What is the purpose of using a helper function to build nodes for data structures like tries and linked lists?

158 Views Asked by At

I've been working on Leetcode questions trying to improve my coding skills and I became curious about this when doing this problem https://leetcode.com/problems/implement-trie-prefix-tree/

Most answers I found online implement the trie by creating a node struct and then using a build method to instantiate the node and fill it with default values. But I'm wondering why this is necessary and they don't just define the Node with those default values? I tried it and it seems to work exactly the same without the build method so I've got to assume it's some sort of best practices reason. I can understand why a build method would be better for a more complicated node structure. But, what I'm really interested in is what can go wrong with what I did because I haven't been able to find any conclusive answers to that.

Typical Solution:


class Trie {

private:

    struct Node {
        bool isWord = false;
        Node* children[26];
    };


    Node* buildNode(){// helper method to build the default node
        Node* root = new Node();
        root-> isWord = false;
        for (int i = 0; i<26; i++){
            root->children[i] = NULL;
        }
        return root;
    }

    Node* root;

public:
    Trie() {
        root = buildNode();
    }
    
    void insert(string word) {
        Node* curr = root;
        for (char ch : word){
            int index = ch - 'a'; // convert char to int 0-25
            if (!curr->children[index]){//if NULL
                curr->children[index] = buildNode();
            }
            curr = curr->children[index];
        }
        curr->isWord = true;
    }

My Solution:

class Trie {

private:

    struct Node {
        bool isWord = false;
        Node* children[26] = {};
    };

    Node* root;

public:
    Trie() {
        root = new Node();
    }
    
    void insert(string word) {
        Node* curr = root;
        for (char ch : word){
            int index = ch - 'a'; // convert char to int 0-25
            if (!curr->children[index]){//if NULL
                curr->children[index] = new Node();
            }
            curr = curr->children[index];
        }
        curr->isWord = true;
    }

both implementations seem to work and perform the same way. So why is the first one preferred over the 2nd?

1

There are 1 best solutions below

0
tbxfreeware On

LeetCode has issues

As was noted in the comments, your code gets the job done. I expect it passes all LeetCode tests.

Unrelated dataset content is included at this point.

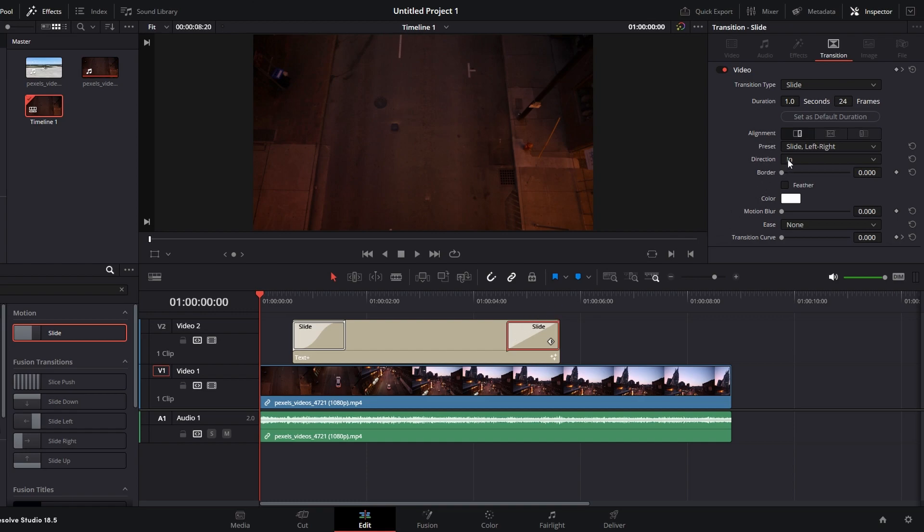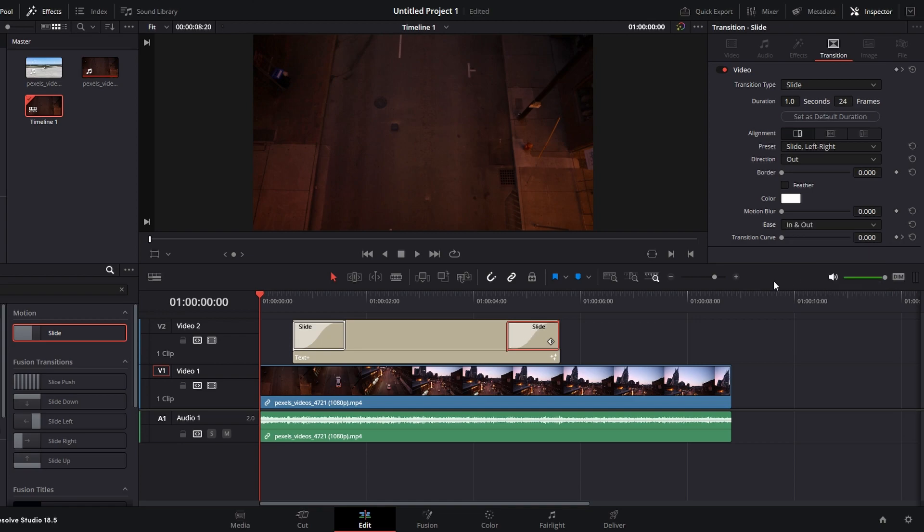For Endpoint, adjust direction to Out and apply In and Out Ease.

But it sure does not pass mine! Although I like your solution better than the one with a separate "build" routine, you would probably get into trouble if you submitted your code to a job interviewer. On the up-side, you have gotten the insertion algorithm exactly right. That's better than about half of the small sample of solutions I checked on the LeetCode website. Unfortunately, however, your use of raw pointers and operator new, with no matching calls to operator delete, has created a gigantic memory leak. When you use operator new, you have a responsibility to write a proper destructor to clean up, when your objects are deallocated.

The fact that LeetCode allows you to skip this is the sort of thing that makes folks say:

...because leetcode doesn't teach C++ and good C++ practices.

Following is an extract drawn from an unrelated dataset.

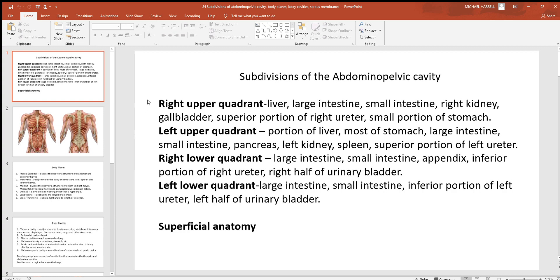In the right upper quadrant, most of your liver occupies a lot of it, along with some large and small intestine — found in all four quadrants — your right kidney way up high in the back, your gallbladder under the liver, the superior part of the right ureter, and a small part of the stomach. In the left upper quadrant: a little bit of the liver, most of the stomach, both intestines, the pancreas, left kidney, spleen, and part of the left ureter.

Most of leetcode solutions (including yours unfortunately) would never make it to production in a decent engineering environment.

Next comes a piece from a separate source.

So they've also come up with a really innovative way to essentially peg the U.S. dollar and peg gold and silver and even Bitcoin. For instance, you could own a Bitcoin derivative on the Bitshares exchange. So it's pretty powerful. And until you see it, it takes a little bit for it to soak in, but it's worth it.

Avoid competitive coding sites when learning a language. Many (most) promote horrible basic coding practices...

Even if you had supplied a destructor, I think your solution should still be rejected by LeetCode, because it does not use one of the smart pointers from the Standard Library. In a production setting, class Trie would almost certainly be coded using std::unique_ptr.

It is revealing that LeetCode does not ask programmers to code a function to erase keys from a Trie. That would open the issue of deleting nodes. With a smart pointer, it is not too difficult (see below), but with raw pointers you will find yourself coding some sort of "tear-down" routine that is analogous to the "build" function cited in the OP.

So, it is not just the destructor that is missing in the raw-pointer implementation. It is also the "tear-down" function that deallocates a Node. The good news is that once you have a tear-down routine, you can call it as a helper from the destructor function, as well as from function erase!

Is anything else missing? Unfortunately, yes. For a class like this, which manages dynamically allocated memory, you need to follow the "Rule of Three" or the "Rule of Five." At a minimum, that means coding a copy constructor and a copy-assignment operator, to go along with the destructor. See CppReference.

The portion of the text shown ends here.